Fifth Circuit Holds State AG Credit Card Add-On Suit Not Subject To Federal Jurisdiction


On December 2, the U.S. Court of Appeals for the Fifth Circuit held that a set of parens patriae suits filed by the Mississippi Attorney General (AG) against credit card issuers is not subject to federal jurisdiction under the Class Action Fairness Act (CAFA) or National Bank Act (NBA) preemption. Hood v. JP Morgan Chase & Co., No. 13-60686, 2013 WL 6230960 (5th Cir. Dec. 2, 2013). The consolidated appeal involves cases originally filed by the AG in state court against six credit card issuers for allegedly violating the Mississippi Consumer Protection Act in connection with the marketing, sale, and administering of certain ancillary products, including payment protection plans.
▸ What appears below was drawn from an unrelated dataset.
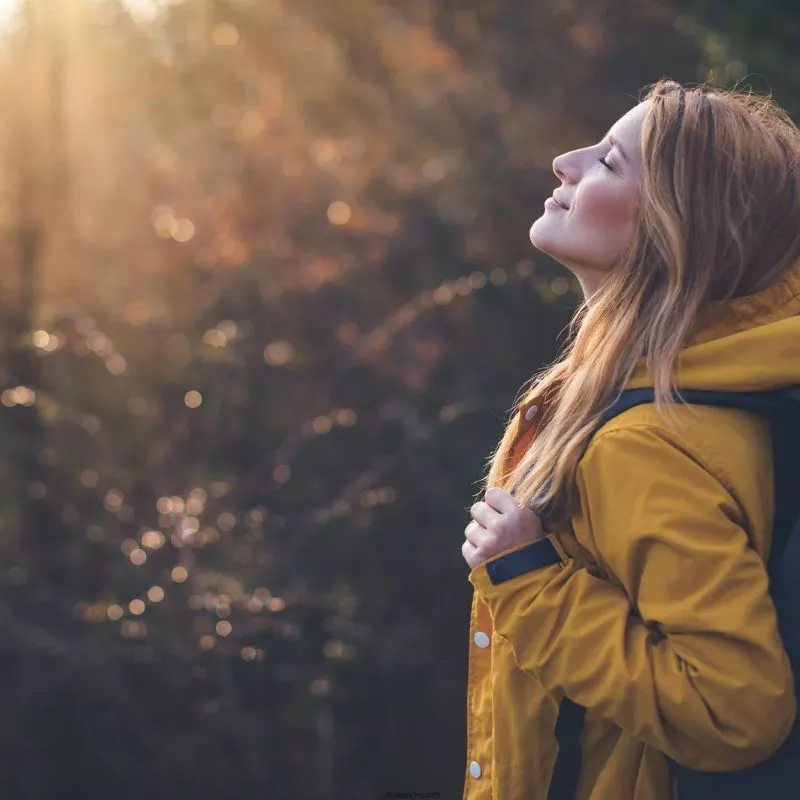 Person in the forest enjoying the sunshine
After the card issuers removed the cases, a federal district court denied the state’s motion to remand, holding that it had subject matter jurisdiction because: (i) the cases were CAFA mass actions; (ii) the NBA (and the Depository Institutions Deregulation and Monetary Control Act for one state-chartered bank defendant) preempted some of the state law claims; and (iii) it had supplemental jurisdiction over the remaining state law claims. The Sixth Circuit disagreed and held that the card issuers failed to prove that any card holder met CAFA’s individual amount in controversy requirement, rejecting the issuers’ argument that the state is the real party in interest and its claims for restitution and civil penalties exceed the threshold. The court also rejected the issuers’ argument—and the district court’s holding—that the payment protection plans were part of the loan agreement and the fees associated with the plans constitute “interest,” such that the state’s challenge to the plans was an implicit usury claim preempted by the NBA. Instead, the court held that while the plans could conceivably fit within the definition of “interest,” there is no clear rule on this subject that demands removal. Moreover, the court held that even if the payment protection plan fees are “interest,” the claims still would not be preempted because the state does not allege that the issuers charged too much interest, but rather challenges the alleged practice of improperly enrolling customers in the plans. The court reversed the district court and remanded for further proceedings consistent with its opinion.